◆ Exercise aim: The data is to be retyped in full, exactly.

◆ Given records:
┌──

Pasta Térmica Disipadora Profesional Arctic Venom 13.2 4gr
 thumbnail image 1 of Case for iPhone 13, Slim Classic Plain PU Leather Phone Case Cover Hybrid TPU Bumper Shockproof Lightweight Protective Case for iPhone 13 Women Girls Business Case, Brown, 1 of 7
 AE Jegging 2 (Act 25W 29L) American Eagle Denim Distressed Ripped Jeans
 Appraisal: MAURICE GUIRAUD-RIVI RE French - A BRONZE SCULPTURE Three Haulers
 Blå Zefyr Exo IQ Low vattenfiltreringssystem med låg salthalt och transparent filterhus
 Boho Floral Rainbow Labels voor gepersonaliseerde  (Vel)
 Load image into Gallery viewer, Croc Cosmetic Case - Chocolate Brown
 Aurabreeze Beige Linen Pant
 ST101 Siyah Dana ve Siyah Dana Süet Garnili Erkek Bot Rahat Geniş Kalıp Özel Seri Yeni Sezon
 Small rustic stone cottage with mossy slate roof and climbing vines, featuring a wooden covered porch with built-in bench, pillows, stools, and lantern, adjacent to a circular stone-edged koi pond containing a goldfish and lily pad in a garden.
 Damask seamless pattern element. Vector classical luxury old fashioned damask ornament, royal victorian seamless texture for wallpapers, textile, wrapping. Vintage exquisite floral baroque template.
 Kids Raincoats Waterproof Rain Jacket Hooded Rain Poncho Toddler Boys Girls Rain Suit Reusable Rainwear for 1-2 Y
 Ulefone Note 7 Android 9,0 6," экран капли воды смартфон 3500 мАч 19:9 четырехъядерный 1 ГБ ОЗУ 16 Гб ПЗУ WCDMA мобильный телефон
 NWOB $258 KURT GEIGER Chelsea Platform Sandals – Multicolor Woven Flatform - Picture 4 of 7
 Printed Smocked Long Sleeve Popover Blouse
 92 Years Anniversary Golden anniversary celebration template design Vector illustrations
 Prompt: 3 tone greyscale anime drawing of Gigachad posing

└──

◆ Solved exercise:
Pasta Térmica Disipadora Profesional Arctic Venom 13.2 4gr
 thumbnail image 1 of Case for iPhone 13, Slim Classic Plain PU Leather Phone Case Cover Hybrid TPU Bumper Shockproof Lightweight Protective Case for iPhone 13 Women Girls Business Case, Brown, 1 of 7
 AE Jegging 2 (Act 25W 29L) American Eagle Denim Distressed Ripped Jeans
 Appraisal: MAURICE GUIRAUD-RIVI RE French - A BRONZE SCULPTURE Three Haulers
 Blå Zefyr Exo IQ Low vattenfiltreringssystem med låg salthalt och transparent filterhus
 Boho Floral Rainbow Labels voor gepersonaliseerde  (Vel)
 Load image into Gallery viewer, Croc Cosmetic Case - Chocolate Brown
 Aurabreeze Beige Linen Pant
 ST101 Siyah Dana ve Siyah Dana Süet Garnili Erkek Bot Rahat Geniş Kalıp Özel Seri Yeni Sezon
 Small rustic stone cottage with mossy slate roof and climbing vines, featuring a wooden covered porch with built-in bench, pillows, stools, and lantern, adjacent to a circular stone-edged koi pond containing a goldfish and lily pad in a garden.
 Damask seamless pattern element. Vector classical luxury old fashioned damask ornament, royal victorian seamless texture for wallpapers, textile, wrapping. Vintage exquisite floral baroque template.
 Kids Raincoats Waterproof Rain Jacket Hooded Rain Poncho Toddler Boys Girls Rain Suit Reusable Rainwear for 1-2 Y
 Ulefone Note 7 Android 9,0 6," экран капли воды смартфон 3500 мАч 19:9 четырехъядерный 1 ГБ ОЗУ 16 Гб ПЗУ WCDMA мобильный телефон
 NWOB $258 KURT GEIGER Chelsea Platform Sandals – Multicolor Woven Flatform - Picture 4 of 7
 Printed Smocked Long Sleeve Popover Blouse
 92 Years Anniversary Golden anniversary celebration template design Vector illustrations
 Prompt: 3 tone greyscale anime drawing of Gigachad posing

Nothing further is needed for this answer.